Elephants live in the forests, gathering in troops of from thirty to about one hundred individuals, and as they require a very extensive area of pasturage, it is said that they pitilessly expel from their domains all other animals which trespass therein to share the product.

Each herd marches under the guidance of an acknowledged chief. When they sally forth from their retreats to devastate a field, or to wander in quest of fresh pastures, they observe a very regular order of march; the young and the females occupying the centre, the males assemble round them in a circle. If danger threatens, the little ones take refuge under the breast of their mothers, who fold their trunks about them.

The young elephant is suckled for two years, and during that period attains the stature of four feet and a half. At the end of the third year he is nearly six feet high. He continues to grow, but less rapidly, until twenty-two or twenty-four years old. The female adults measure generally from seven to nine feet in height, and the males from ten feet and a half to twelve. As may be inferred from the tardiness of his growth, the elephant enjoys the privilege of longevity. He has been known to live in captivity to the age of 120 or 130 years; but Cuvier was of opinion that in his free and wild condition he might well number nearly a couple of centuries.

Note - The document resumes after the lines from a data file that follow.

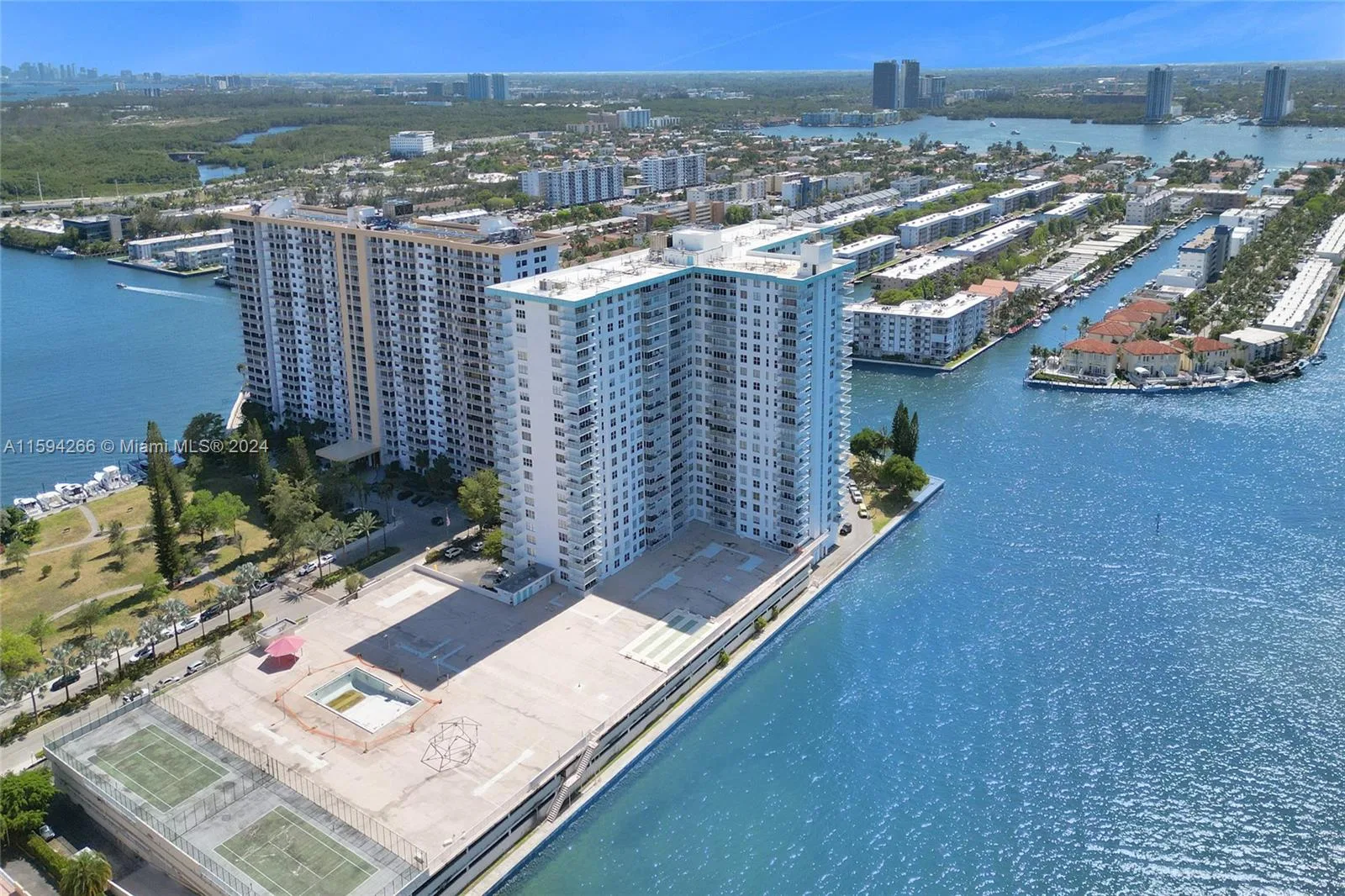 301 174th St # 1701, Sunny Isles Beach, FL 33160 photo 12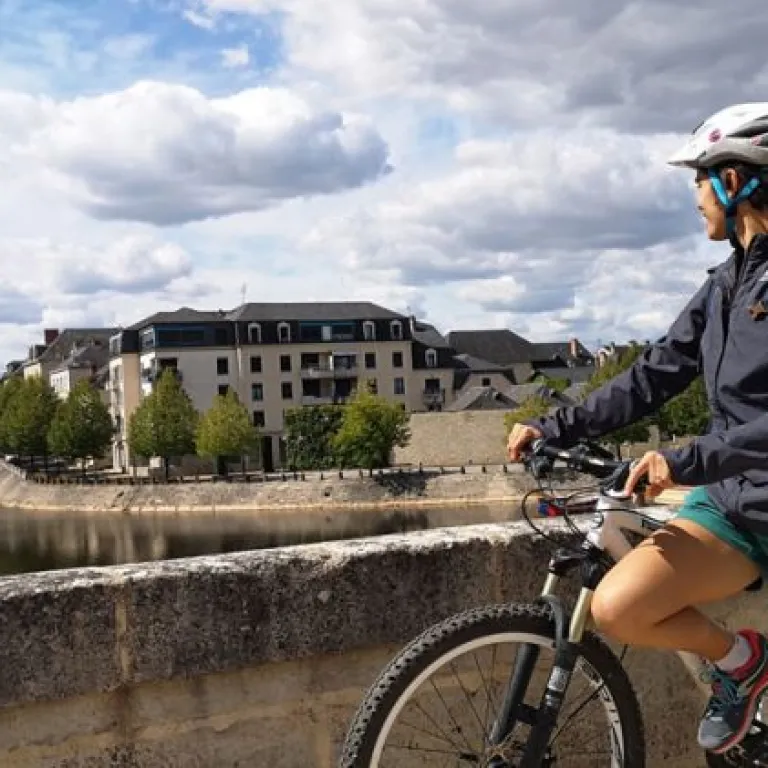 Ride your bike and discover the city of Terras ...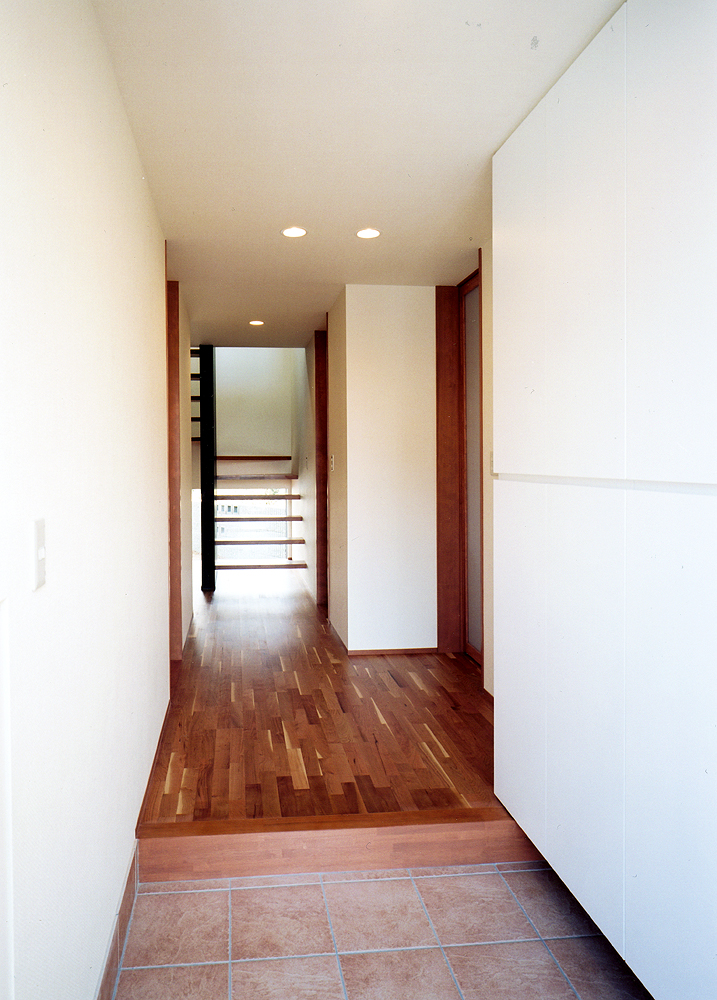 蹴上のない階段から、優しく柔らかな光が玄関ホールまで広がりを見せる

The Africans hunt the elephant for the sake of his ivory and flesh; in India, and the isles of the Indian Ocean, to reduce them to subjection. In Africa, for many negro populations, ivory and “ebony wood” (an euphuism by which the slave-dealers designate their black slaves) are the sole articles of commerce, and the majority of the English, Dutch, and French colonists carry on a considerable traffic in elephants’ teeth. The negroes excavate wide pits which they cover over with branches; and the elephants falling into them are precipitated headlong upon sharpened stakes; or they kill them either with arrows, assegays, or musketry. Hunting them with spears is truly a ferocious pastime. The poor elephant only succumbs after receiving so great a number of projectiles that his body resembles an enormous porcupine. He rarely turns upon his aggressors; he seeks to fly; he fills the air with plaintive wailings; the female throws her huge bulk between her young ones and the enemy; the male sometimes rushes furiously upon his assailants, and woe to the latter if he overtake them; he crushes them under his hoofs, he pierces them with his tusks, or seizes them with his trunk, and dashes them upon the earth a shapeless and bleeding mass. But nimble and experienced hunters easily elude his charge, whose onset he is prevented from moderating by his weight, or from rapidly changing its direction.

But firearms, and especially the recently perfected rifles, are assuredly the best weapons to employ against the leviathan. With a Westley-Richards, for instance, a good marksman, aiming at the shoulder-joint or the ear, is certain to bring down his game; he may post himself at a distance, and avoid exposure, while the victim is saved from a cruel agony.